Les sombres New-Yorkais auront donc survécu au départ de leur bassiste Carlos D, de l’aveu même du chanteur Paul Banks “une part très importante du groupe”, dont on restait sans grandes nouvelles depuis la sortie d’“Interpol”, quatrième album au titre aussi inspiré que son contenu : voici le groupe de retour après trois ans de hiatus, conformément aux déclarations du batteur qui annonçait en 2011 “une longue pause”, généralement un doux euphémisme pour séparation à l’essai. “El Pintor” est “plus immédiat” que l’ “Interpol” qui a mis le feu aux poudres et également ô combien plus imaginatif puisque le titre est cette fois l’anagramme de son nom, signifiant par ailleurs le peintre en espagnol. Banks défend bec et ongles le très incompris quatrième opus : “Un disque très important dans notre catalogue... Mais je ferais mieux de parler du nouveau, non ?”
Relation avec la ville
Positivons, le chanteur et (bien sûr...) peintre à ses heures, assis à une terrasse parisienne ensoleillée, n’élude pas les questions sur une éventuelle dissolution — mais laquelle ? “C’est simplement qu’on n’a pas travaillé ensemble depuis longtemps. Notre cas est différent, rappelle-t-il. Mes albums solo, c’est parce que je n’écris pas les titres d’Interpol. C’est le guitariste Daniel.” D’accord. Banks dira s’être quasi traîné aux pieds du bassiste pour qu’il revienne.
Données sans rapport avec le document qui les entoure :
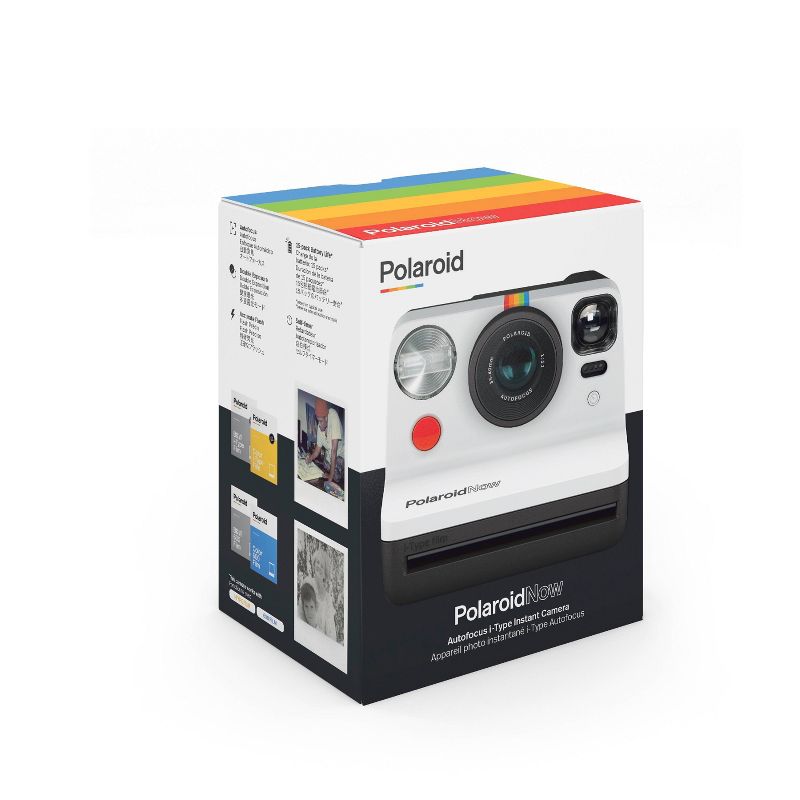 Polaroid Color Film for i-Type - 2pk
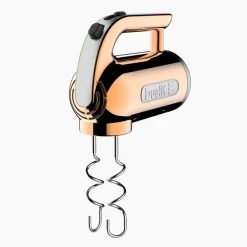 Elektrisk visp 400W kobber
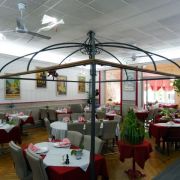 Restaurant les Arcades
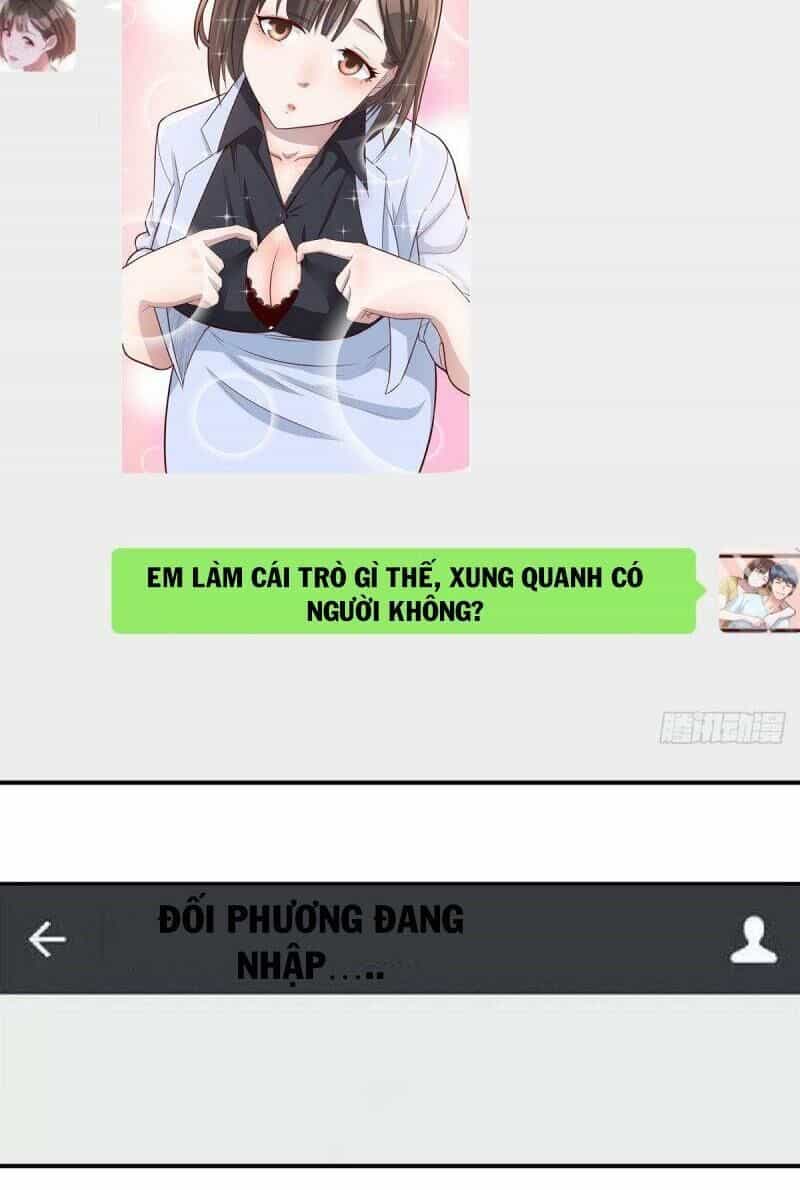 Trong Nhà Có 2 Bạn Gái Song Sinh - Chương 16 - ảnh 12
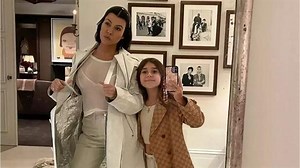 Inside Penelope Disick's Pretty in Pink 10th Birthday Bash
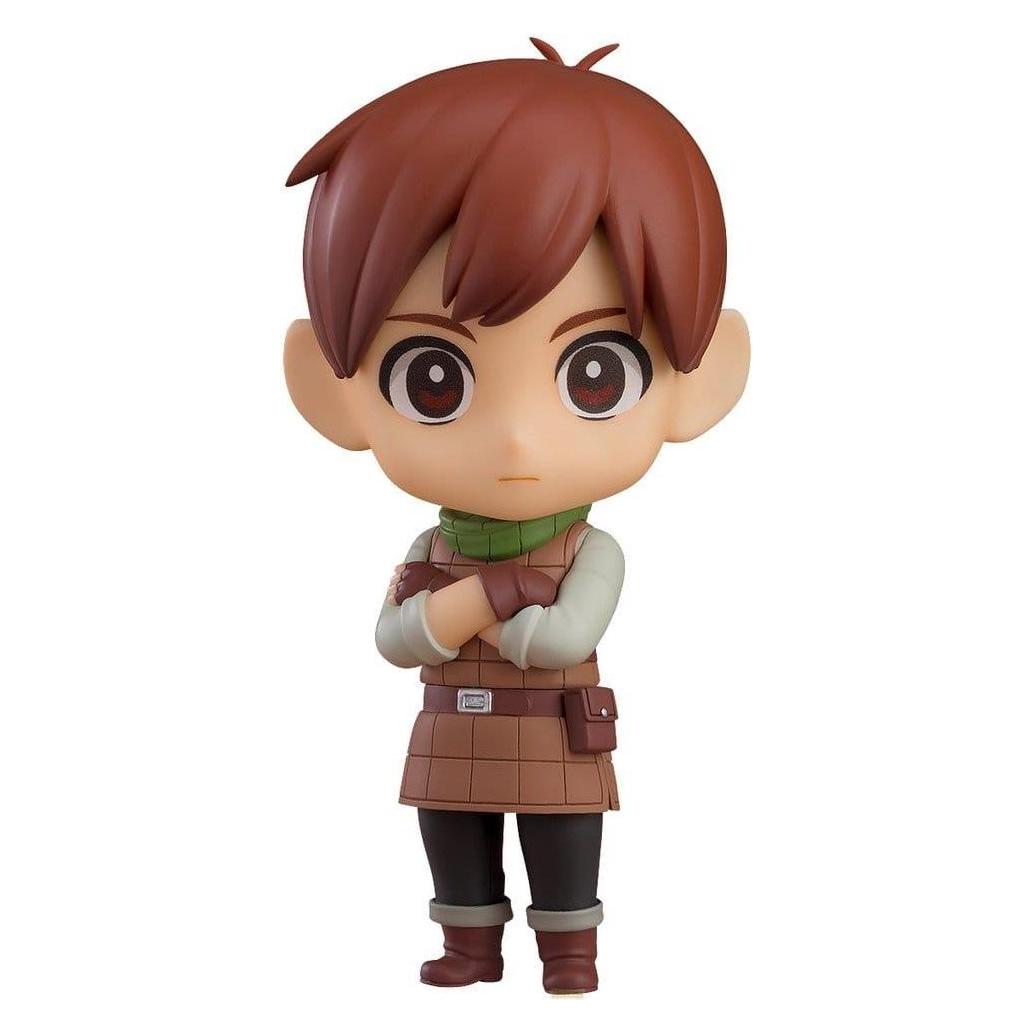 Good Smile Company Delicious in Dungeon figurine Nendoroid Chilchuck 10 cm (GSC67376)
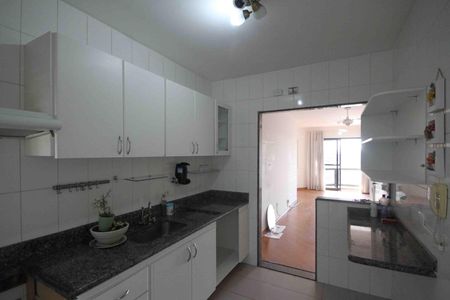 Apartamento à venda com 70m², 2 quartos e 1 vagaCozinha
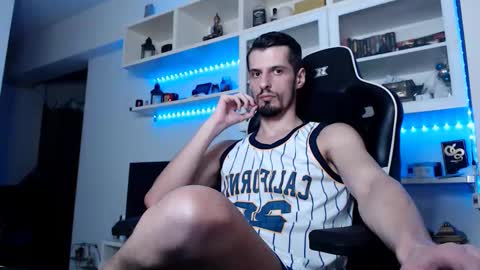 MasterTodd online show from October 15, 2025, 8:42 pm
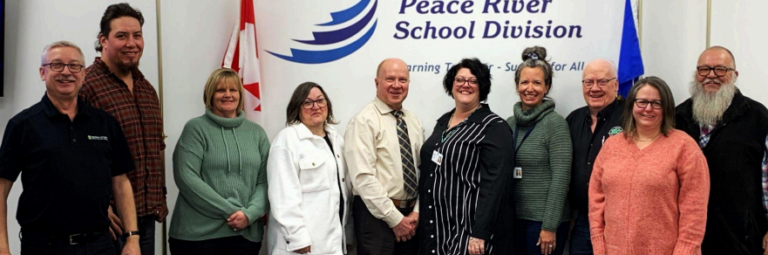 GPCSD and PRSD collaborate in new “joint-use” facility in Fairview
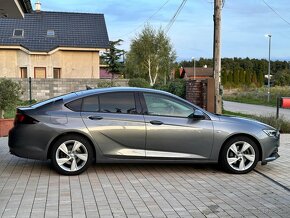 Opel Insignia 4x4 154kw - 4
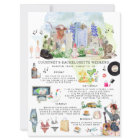 Bachelorette Weekend Itinerary | Houston, Texas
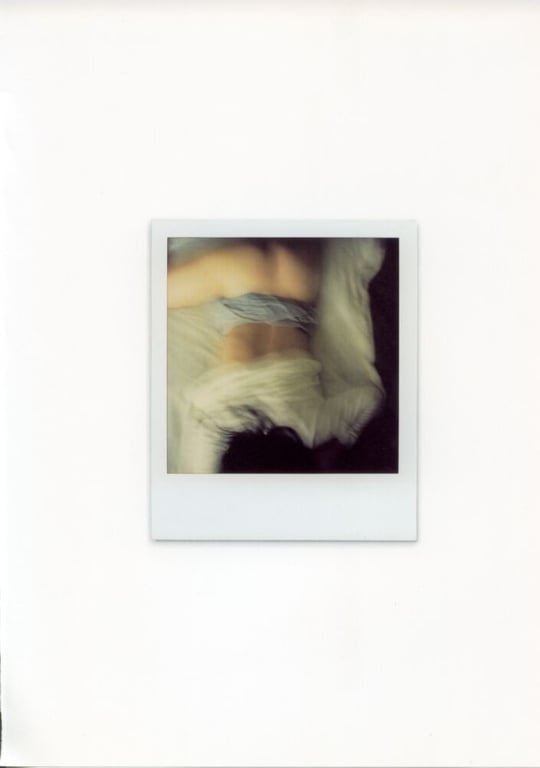 图片[125]-#未向 – LOVE POLA - 全本免费在线观看-阅图吧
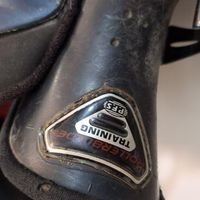 اسکیت RoLLERBLADE چهار چرخ|دوچرخه، اسکیت، اسکوتر|تهران, شهرک پرواز|دیوار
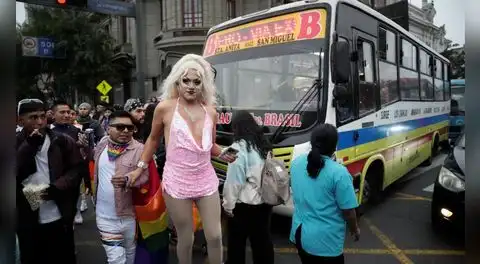 Bloqueo a la Marcha del Orgullo 2026: comunidad LGBTQ exige a la MML respuesta urgente por permisos y rutas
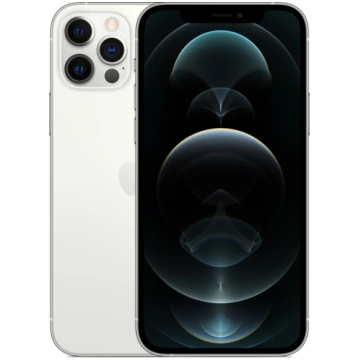 APPLE iPhone 12 Pro Max 128GB Silver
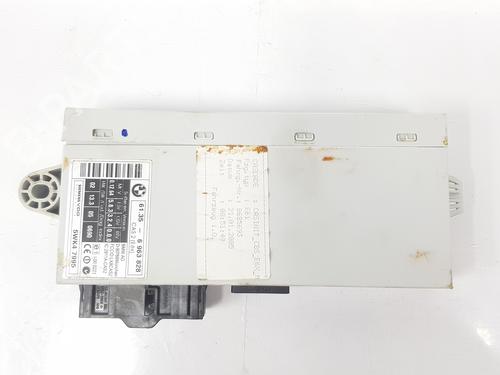 Used Electronic module BMW 5 Touring (E61) 525 d (177 hp) 24663656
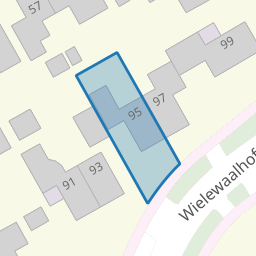 Perceel OWD00-B-9210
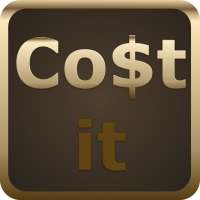 Cost-It Free on 9Apps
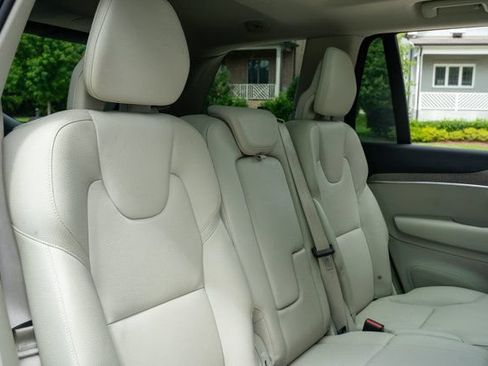 Used 2024 Volvo XC90 T8 Plus w/ Protection Package Premier AWD/4WD image 54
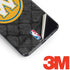 NBA Golden State Warriors Dark Rust Galaxy S9 Plus Skin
Et même si l’expérience et deux disques solo lui auront prouvé, à lui au moins, qu’il pouvait écrire seul, il aura fallu batailler pour se remettre à écrire avec Interpol sans Carlos. “La première fois que Daniel m’a joué les chansons qu’il travaillait, j’avais ma guitare, mais sans la moindre idée, ce qui n’arrive jamais. J’ai compris pourquoi : parce que Carlos interprétait d’abord les idées de Daniel. Tant qu’il n’avait pas écrit de ligne de basse, je ne pouvais pas écrire de partie chantée. Donc le lendemain je suis arrivé avec une basse.” Et il ne l’a plus quittée, le groupe restant désormais un trio. Une forme d’hommage au “génie de Carlos” s’il vous plaît et “parce que ça nous plaisait de découvrir ce qui nous restait, sans Carlos, à trois. C’est presque plus facile en trio... A quatre, ça laisse plus de place au débat.” Que ceux qui verraient dans cet album une tentative pour retrouver, douze ans après, la splendeur passée de “Turn On The Bright Lights” se détrompent. “Si on avait Carlos, on pourrait essayer, mais je ne pense pas qu’on voudrait le faire.” Si “El Pintor” est, classiquement, inspiré par l’amour, naissant (“All The Rage Back Home”), ou problématique (“Same Town, New Story”), c’est souvent en relation avec la ville, New York, toujours New York : “Tout ce que nous faisons artistiquement sera un minimum inspiré par la ville, et New York, c’est notre port d’attache, mais j’ai découvert que je pouvais écrire à la plage. J’y ai écrit une grande partie de mon dernier album solo et des paroles de ce disque-ci. Au début je me suis demandé si je serais très inspiré, alors que je suis heureux, au soleil, que je fais du sport... Eh bien, si, parce que c’est un nouvel environnement. C’est bon de le dire pour tous les jeunes rockers avec un problème d’abus de substance : le bonheur peut être un état d’esprit très créatif.” Ils se reconnaîtront.
Persécution
Banks, lui, se défend d’avoir uniquement des idées de croque-mort : “Les gens ne comprennent pas... mais il y a aussi de l’humour dans notre musique... Sinon ce serait vraiment exagéré ! Heureusement, nos fans le savent. Si nous faisions tout le temps la gueule, il n’y aurait pas grand-chose à aimer.” Attention, l’homme est légèrement paranoïaque, se lançant dans des confidences pour demander aussitôt à ce qu’elles ne soient pas imprimées et par ailleurs mesurant diablement ses paroles : disons que la fin de “Breaker 1” qui proclame en italien “Mon Dieu, aidez-moi, je suis persécuté, et je suis fatigué de toute cette persécution” ne lui va pas trop mal. Il évoque Death From Above 1979 : “Quand ils se sont retrouvés pour un nouveau disque, le chanteur a dit : ‘Nous avons fait nos propres trucs entre-temps. On se reforme parce que vous n’arrêtez pas de nous le demander, donc si vous n’aimez pas ce que nous faisons maintenant alors que c’est à ce point que nous en sommes en tant que musiciens, allez vous faire foutre. On a fait un disque uniquement parce que vous nous le réclamiez.’ Les musiciens progressent, changent. Pour citer le fabuleux Jay Z : si vous voulez entendre mes vieux trucs, achetez mes anciens albums.” A bon entendeur...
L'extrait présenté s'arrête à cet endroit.